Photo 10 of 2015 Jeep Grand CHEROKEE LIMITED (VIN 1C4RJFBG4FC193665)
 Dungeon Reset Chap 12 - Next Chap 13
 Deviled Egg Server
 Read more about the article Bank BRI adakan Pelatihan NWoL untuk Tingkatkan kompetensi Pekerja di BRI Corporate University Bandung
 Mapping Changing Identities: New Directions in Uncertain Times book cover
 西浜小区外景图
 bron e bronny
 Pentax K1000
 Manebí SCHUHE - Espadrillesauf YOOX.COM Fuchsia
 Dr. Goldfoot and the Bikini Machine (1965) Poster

==*==

■ **What this task involves**:
Copy each line exactly, beginning at the one with "bron e bronny" and stopping after the last line of the entries. Include nothing else.

■ **Response to the task**:
 bron e bronny
 Pentax K1000
 Manebí SCHUHE - Espadrillesauf YOOX.COM Fuchsia
 Dr. Goldfoot and the Bikini Machine (1965) Poster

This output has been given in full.